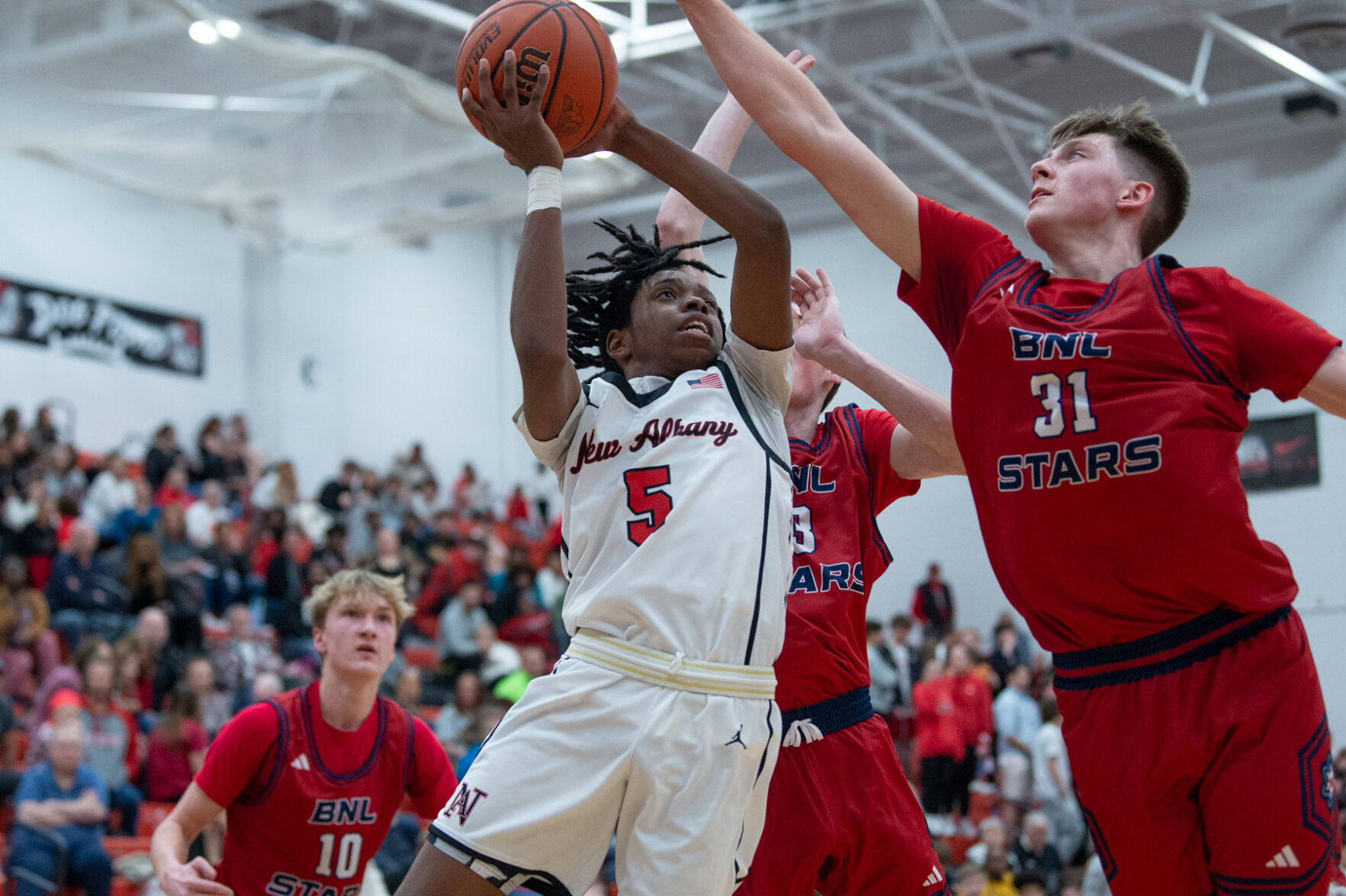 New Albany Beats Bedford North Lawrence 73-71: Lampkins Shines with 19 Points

* * *

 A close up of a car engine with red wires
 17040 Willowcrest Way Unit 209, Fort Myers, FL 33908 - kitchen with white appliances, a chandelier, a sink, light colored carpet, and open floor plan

* **What you are asked to do**: Of the entries above, repeat exactly the lines between the line with "A close up of a car engine with red wires" and the line with "17040 Willowcrest Way", inclusive, and no others.

* **Your solution**:
 A close up of a car engine with red wires
 17040 Willowcrest Way Unit 209, Fort Myers, FL 33908 - kitchen with white appliances, a chandelier, a sink, light colored carpet, and open floor plan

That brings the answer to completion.